** RECORDS FOR PROCESSING follows **

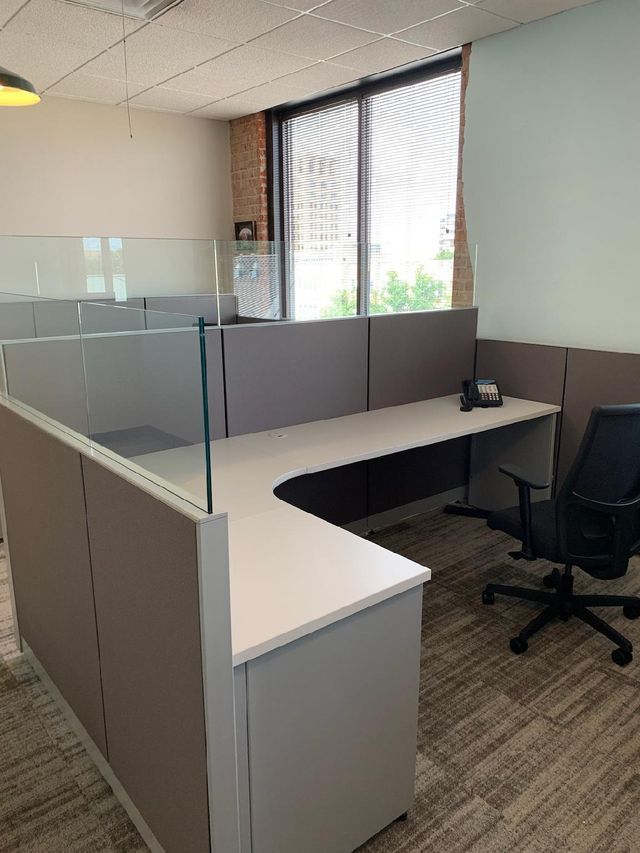 A cubicle with a desk and a chair in an office.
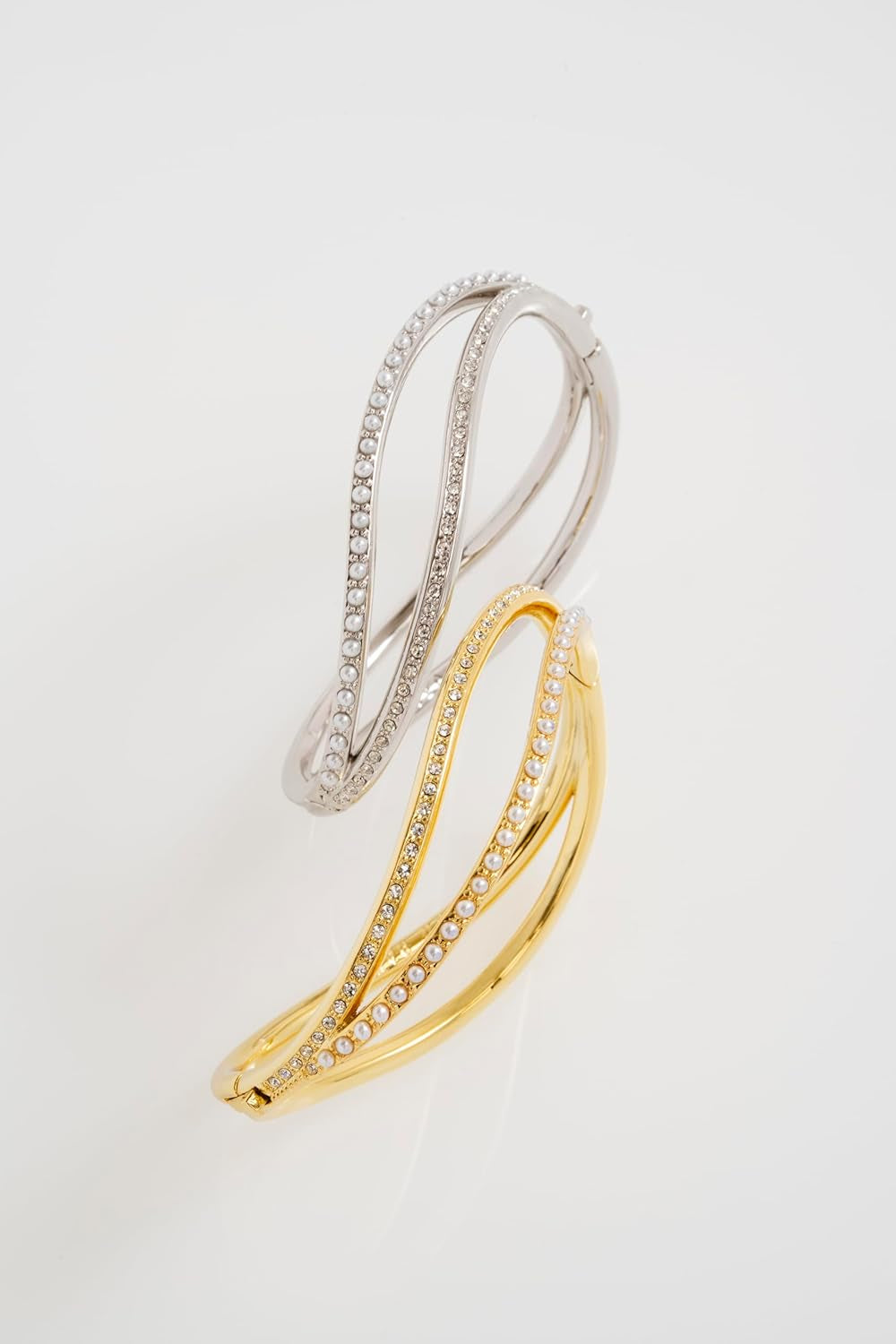 Overhead view of elegant Ted Baker wave pattern bangle bracelet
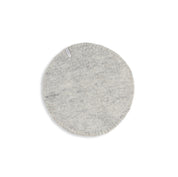 Aveva Seat Cushion in wool felt, available in raw grey or graphic patterns. Round portable chair pads in two sizes, designed in Sweden.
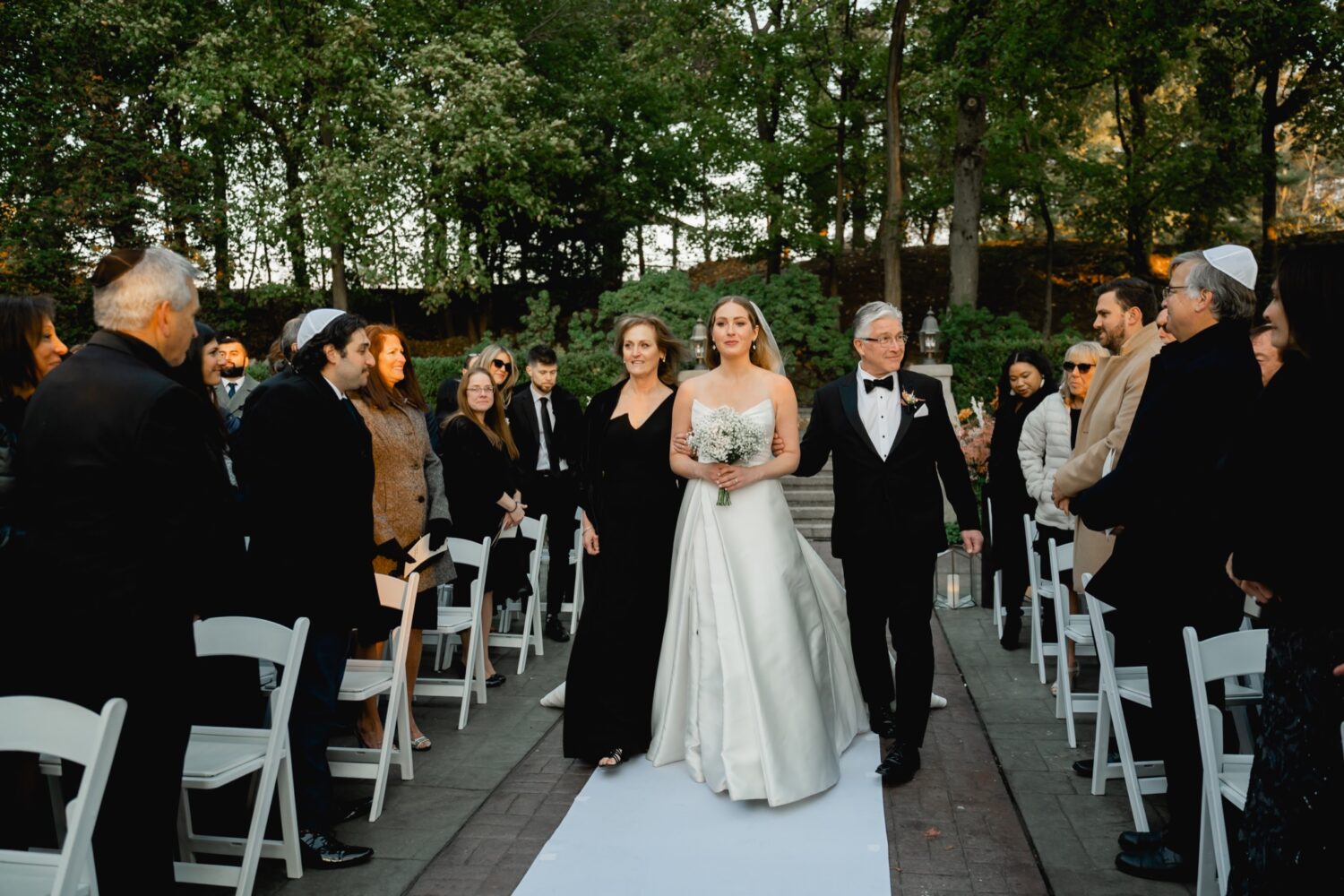 bride walking down aisle at Tappan Hill Mansion in the fall
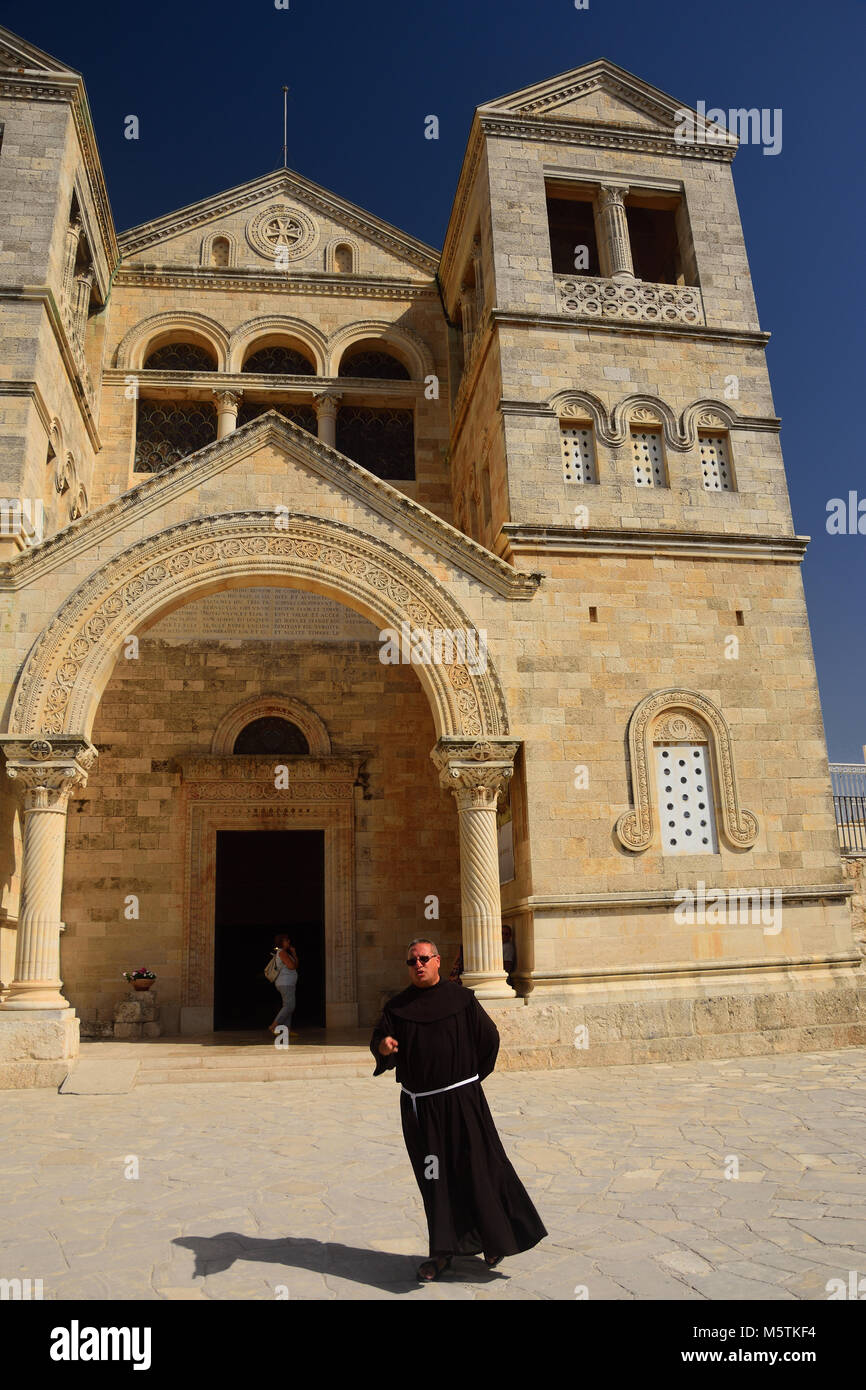 Priest walks in front of Franciscans monastery (Basilica of the Transfiguration) at the mount Tabor (Har Tavor) in northern Israel. Stock Photo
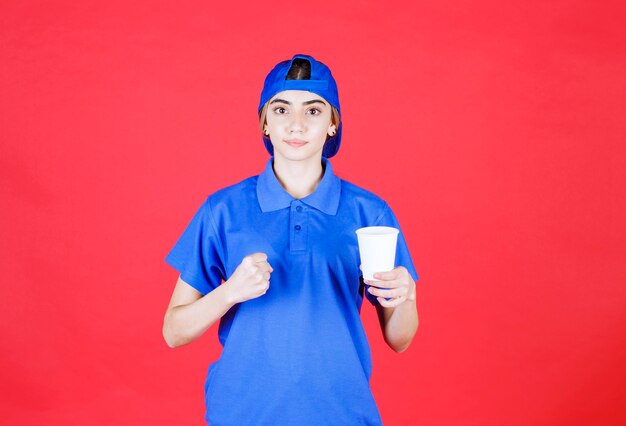 Female service agent in blue uniform holding a disposable cup of drink and showing her fist. 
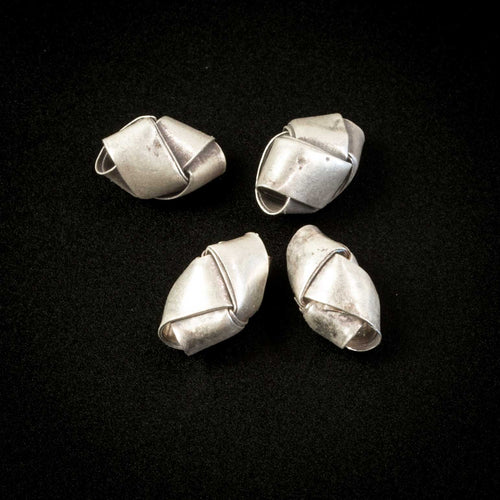 Hill tribe silver origami bead. Average 9x5mm. 0.4 grams. Pkg of 4. B18-0430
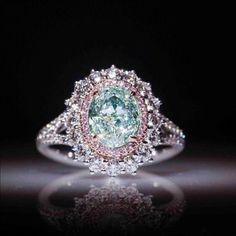 a fancy ring with an oval green diamond surrounded by white and pink diamonds on a black background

** End of RECORDS FOR PROCESSING **

TASK REQUIREMENTS:
Make an exact copy of the listing above. Do not include the pictures.

EXERCISE RESPONSE:
 A cubicle with a desk and a chair in an office.
 Overhead view of elegant Ted Baker wave pattern bangle bracelet
 Aveva Seat Cushion in wool felt, available in raw grey or graphic patterns. Round portable chair pads in two sizes, designed in Sweden.
 bride walking down aisle at Tappan Hill Mansion in the fall
 Priest walks in front of Franciscans monastery (Basilica of the Transfiguration) at the mount Tabor (Har Tavor) in northern Israel. Stock Photo
 Female service agent in blue uniform holding a disposable cup of drink and showing her fist. 
 Hill tribe silver origami bead. Average 9x5mm. 0.4 grams. Pkg of 4. B18-0430
 a fancy ring with an oval green diamond surrounded by white and pink diamonds on a black background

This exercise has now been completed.